Recadrer l’histoire humaine est un travail ambitieux, et certains des concepts de Bohannon vont toujours plus loin dans leurs branches spéculatives – particulièrement visibles lorsque les sujets touchent le plus clairement nos vies ici et maintenant. Elle avance la théorie selon laquelle les populations queer pourraient avoir prospéré parce que les personnes n’ayant « pas facilement la capacité de produire leurs propres enfants » constituaient une source utile de « mains supplémentaires pour élever leurs enfants » pour leurs pairs hétérosexuels. Mais les homosexuels peuvent se reproduire et se reproduisent effectivement (et, comme elle le note, ils y ont souvent été contraints historiquement). Plus convaincante est son observation selon laquelle, bien que les religions déclarent constamment que l’homosexualité n’est pas naturelle, elle est suffisamment courante « à travers les cultures, les siècles et même les espèces pour que, quelle que soit la part de l’homosexualité qui est classiquement héréditaire… elle ne puisse pas avoir été trop fortement sélectionnée ».

Et même si la notion du temps de Bohannon est vaste, sa sensibilité semble nettement occidentale : ses modèles de force sont les femmes de l’armée américaine ; son raccourci pour la misogynie moderne est ISIS. À un moment donné, elle déplore l’absence supposée de femmes scientifiques remarquables au Moyen-Orient ; cela atterrit comme de la condescendance.

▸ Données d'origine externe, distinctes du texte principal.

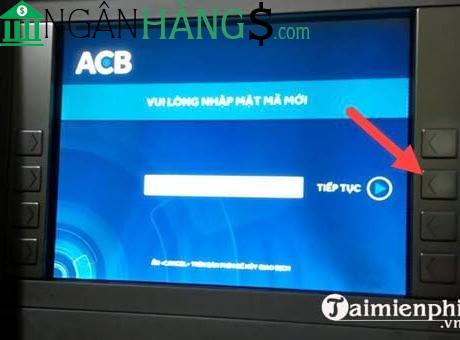 Ảnh Cây ATM ngân hàng Á Châu ACB Cocomart Phan Văn Hớn 1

En parlant de femmes scientifiques : leurs travaux sous-tendent le livre confiant de Bohannon, mais la plupart restent anonymes en dehors des notes de fin. C’est dommage, car l’une des raisons pour lesquelles la biologie évolutionniste est si masculine au départ est que les femmes travaillant dans ce domaine disent avoir eu du mal à combiner travail et soins ; un livre élevant l’étude de la biologie féminine aurait été l’endroit idéal pour remédier à cette sous-représentation.

Mais « Eve » constitue un argument puissant en faveur du rôle central que les femmes Homo sapiens ont joué pour nous rendre « humains » – ce qui soulève une question évidente. Si nos vies sont si précieuses, notre bien-être si crucial, comment diable le sexisme s’est-il développé ?

La réponse de Bohannon – selon laquelle les humains ont opté pour le patriarcat monogame afin de contrôler la reproduction – nous amène à nous demander si un matriarcat doté de solides compétences obstétricales n’aurait pas pu faire la même chose. Mais quelle que soit la manière dont nous en sommes arrivés là, conclut-elle, nous devons inverser la tendance. Le patriarcat est désormais un « train en fuite » en contradiction avec notre survie, car il augmente le taux de mortalité maternelle, propage les MST et accroît la pauvreté.

Et le sexisme n’est pas la seule chose qui nous tue. « Eve » est une lettre d’amour à l’ancienne merveille grinçante qu’est l’évolution. Alors que nous sortons de l’été le plus chaud jamais enregistré, le rêve est que nous continuions à évoluer, notre espèce se transformant continuellement – si nous en avons l’occasion.